Centripetal Acceleration grade 12 (forces on a bird pulling out of a dive)

[Physicsstudent2]

Homework Statement

A bird of mass 0.211 kg pulls out of a dive, the bottom, of which can be considered to be a circular arc with the radius of 25.6 m. At the bottom of the arc, the bird’s speed is a constant 21.7 m/s. Determine the magnitude of the upward lift on the bird’s wings at the bottom of the arc.

Relevant Equations

F=me
a= v^2/r

How come the solution requires you to do mv^2/4 when the formula is just v^2 /r?

 

[PeroK]

How come the solution requires you to do mv^2/4 when the formula is just v^2 /r?

What do you say that? What solution?

 

[Physicsstudent2]

this question was in my textbook and i didn't know how to do it so i searched it up online and found that picture explaining how to solve the problem

 

[PeroK]

this question was in my textbook and i didn't know how to do it so i searched it up online and found that picture explaining how to solve the problem

The picture looks good to me.
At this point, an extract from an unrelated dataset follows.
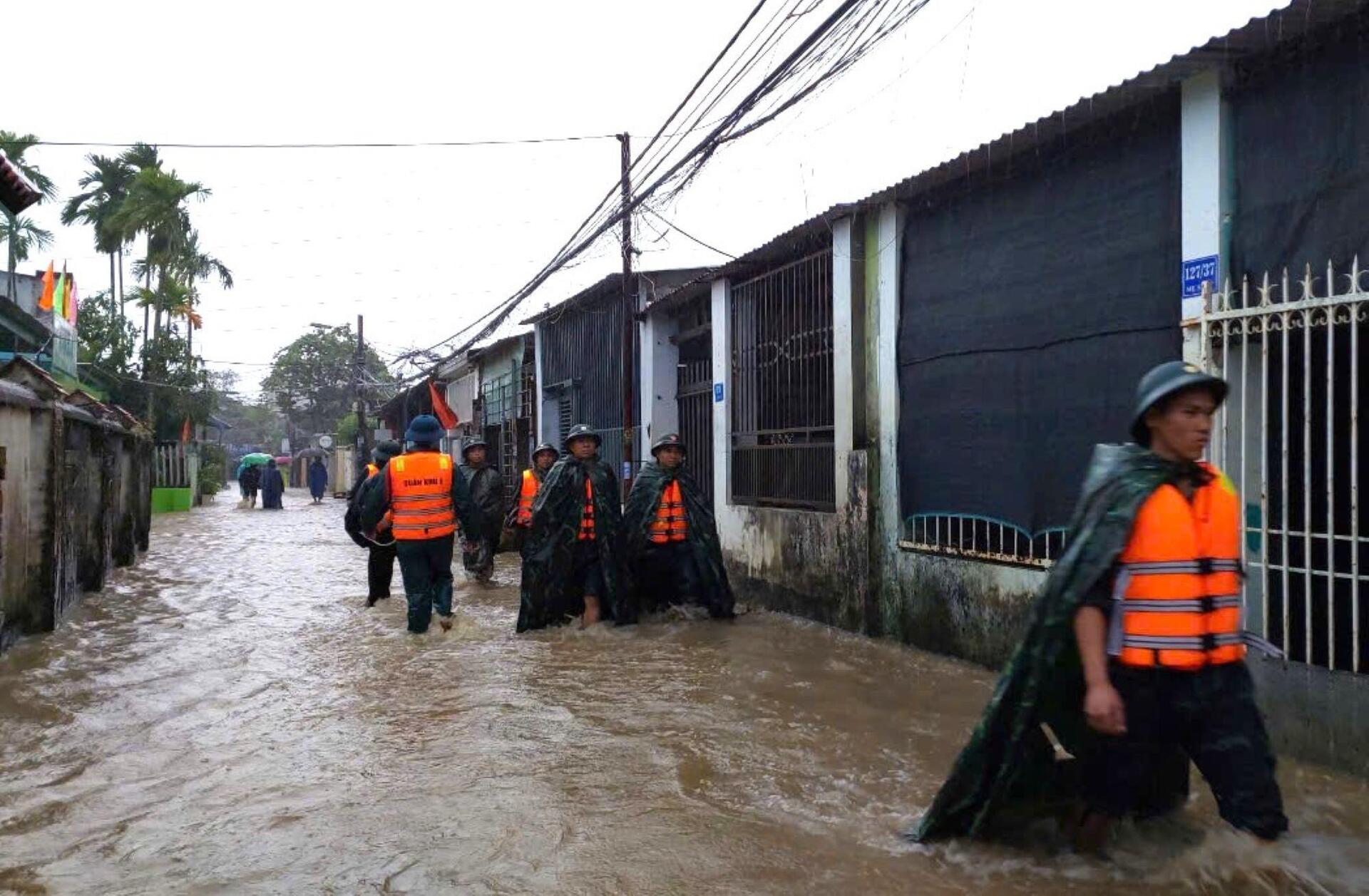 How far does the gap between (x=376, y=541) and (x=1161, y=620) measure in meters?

Are you forgetting gravity? Which is odd, given it's clearly included in the solution you posted. They may be able to fly, but birds are still subject to the force of gravity!

 

[Physicsstudent2]

The picture looks good to me. Are you forgetting gravity? Which is odd, given it's clearly included in the solution you posted. They may be able to fly, but birds are still subject to the force of gravity!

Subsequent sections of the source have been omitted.